Na primeira redação em que trabalhei, a máquina era a disponível, manual, mas havia algumas da marca Royal
Eduardo Almeida Reis
Estado de Minas: 25/04/2013
Minha Remington
(relativamente) portátil virou peça de museu. Basta dizer que foi
presente do meu pai quando fiz 12 anos. Presente que não me agradou,
porque o pedido era de moto Harley Davidson azul, à venda na Mesbla na
Rua do Passeio, no Rio de Janeiro, onde foi comprada a máquina de
escrever. O leitor precisava ter visto o fascínio que a Remington
exerceu sobre os meus netos, dia desses, quando descobriram que “aquilo”
escreve. No princípio mal se viam as letras, porque a fita, velha de
mais de 14 anos, está ressecada na parte exposta. Depois, começaram a
aparecer palavras pretas ou vermelhas, quando o avô se lembrou da
alavanquinha que muda do preto para o vermelho. E o neto menor descobriu
que o teclado não tem o algarismo 1. “Tenta o L minúsculo”, sugeriu o
avô: funcionou! E dizer que foi com aquela máquina, no ano de mil
novecentos e muito antigamente, que tudo começou. Não me lembro quando
comprei a segunda máquina, usada, elétrica, mas tenho foto do jovem
philosopho, já casado, ainda escrevendo na Remington, publicada quando
fui entrevistado pelo finado Diário Carioca. Virou quadro.
No
trabalho, a partir dos 18 anos, a vítima era uma Royal não portátil, que
só faltava soltar fumaça na velocidade em que era teclada. Havia, é
certo, a fumaça dos charutos permitidos naquele tempo, mesmo nos
recintos fechados com ar-condicionado central. Lá estive no trabalho
depois que me demiti (a pedido) e todos os funcionários do departamento
tinham IBM 82-C ou IBM 96-6, com o seguinte detalhe: a maioria não sabia
escrever uma palavra. Na primeira redação em que trabalhei, a máquina
era a disponível, manual, mas havia algumas da marca Royal, com as quais
sempre me dei bem. Matérias caprichadas, exigindo consulta a livros e
anotações, eram escritas numa Royal levada para a mesa da “sala da
televisão”, geralmente vazia, porque a tevê brasileira gatinhava. E
havia os gritos: “Paralisar é com esse ou com zê?”, respondidos pelos
mais informados. Na história do jornalismo pátrio ficou famosa a
consulta de um foca, aos berros, na redação de um vespertino.

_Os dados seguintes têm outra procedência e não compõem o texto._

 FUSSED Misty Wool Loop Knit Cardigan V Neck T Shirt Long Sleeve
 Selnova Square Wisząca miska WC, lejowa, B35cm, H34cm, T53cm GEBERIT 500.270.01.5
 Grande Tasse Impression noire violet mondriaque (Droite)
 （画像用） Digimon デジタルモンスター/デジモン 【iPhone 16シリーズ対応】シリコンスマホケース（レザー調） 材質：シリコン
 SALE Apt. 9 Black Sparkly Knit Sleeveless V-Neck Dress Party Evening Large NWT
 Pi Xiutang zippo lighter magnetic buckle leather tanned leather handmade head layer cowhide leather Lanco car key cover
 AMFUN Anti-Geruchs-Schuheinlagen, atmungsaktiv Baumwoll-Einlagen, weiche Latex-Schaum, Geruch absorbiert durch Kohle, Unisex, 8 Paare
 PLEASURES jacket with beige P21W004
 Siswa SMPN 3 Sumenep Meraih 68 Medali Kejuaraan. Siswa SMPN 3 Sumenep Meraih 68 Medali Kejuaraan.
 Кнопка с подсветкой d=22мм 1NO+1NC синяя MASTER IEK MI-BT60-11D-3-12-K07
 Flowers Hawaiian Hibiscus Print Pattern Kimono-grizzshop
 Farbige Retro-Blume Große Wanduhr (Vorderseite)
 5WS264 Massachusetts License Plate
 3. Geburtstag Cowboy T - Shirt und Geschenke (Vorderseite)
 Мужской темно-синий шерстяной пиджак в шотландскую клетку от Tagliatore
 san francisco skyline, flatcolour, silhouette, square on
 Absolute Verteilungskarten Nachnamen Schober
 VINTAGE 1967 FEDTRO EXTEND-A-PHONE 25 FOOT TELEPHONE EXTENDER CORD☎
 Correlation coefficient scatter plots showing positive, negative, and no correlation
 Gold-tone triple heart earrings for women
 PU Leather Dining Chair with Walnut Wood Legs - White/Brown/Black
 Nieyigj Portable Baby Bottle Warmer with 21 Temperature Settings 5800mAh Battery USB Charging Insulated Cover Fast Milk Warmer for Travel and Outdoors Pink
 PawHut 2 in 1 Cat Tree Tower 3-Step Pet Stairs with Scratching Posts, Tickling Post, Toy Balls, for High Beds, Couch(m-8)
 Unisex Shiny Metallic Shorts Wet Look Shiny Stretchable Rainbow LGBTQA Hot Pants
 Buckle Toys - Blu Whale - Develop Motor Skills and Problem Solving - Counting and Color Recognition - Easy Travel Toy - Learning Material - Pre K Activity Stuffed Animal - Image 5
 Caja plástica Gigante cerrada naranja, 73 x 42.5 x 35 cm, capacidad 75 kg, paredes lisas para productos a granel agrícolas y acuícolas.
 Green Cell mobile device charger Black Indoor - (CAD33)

Alta
madrugada, pois os vespertinos só rodavam dia claro e circulavam no
final da manhã, o rapaz gritou: “Diletantismo! O que é diletantismo?”.
Seu chefe de redação, professor de português que só escrevia a lápis,
sem tirar os olhos do papel em que redigia, gritou de lá: “É o sujeito
dar sem ser veado”. Excelente mestre!, hoje nome de rua. Existe melhor
explicação para diletantismo?
Preocupante
Amanheço
cantando tangos, boleros, sambas e árias de óperas. Ao dealbar da
aurora e mesmo dealbado o dia, a leitora pode me encontrar cantarolando
enquanto preparo o café e o desjejum, depois dos inevitáveis remedinhos,
que são poucos. Aceso o primeiro charuto, a cantoria vai de grota por
ser incompatível com ato de fumar. Não que prejudique a voz: Enrico
Caruso, em seus contratos, exigia o direito de fumar charutos nos
camarins. O baixo Italo Tajo só deixava o charuto na hora de entrar em
cena. O cantarolar, que originou o título “Preocupante” deste belo
suelto, foi o seguinte: no dia em que componho estas bem traçadas
amanheci cantando “Toda una vida, me estaría contigo, no me importa en
que forma, ni como, ni donde, pelo junto a ti”. Ao calçar as botinas que
ganhei do acadêmico Olavo Romano, macias, caríssimas, feitas sob medida
numa loja dr. Scholl de BH – faz frio e as botinas me esquentam as
patas –, prossegui: “No me cansaría de decirte siempre, pero siempre,
siempre, que eres em mi vida ansiedad, angustia y desesperación”. Onde a
preocupação despertada pela cantoria? É fácil de explicar. Primeiro,
porque nunca foi música do meu especial aprazimento e acertei a letra
inteirinha, como confirmei mais tarde no abençoado Google. Depois,
porque esse negócio de estar toda uma vida contigo, Freud explica, deve
indicar uma vida muito rápida, curtíssima, a partir do dia da cantoria.
Sem falar da imbecilidade de passar toda uma vida ao lado de alguém que
representa ansiedade, angústia, desesperação.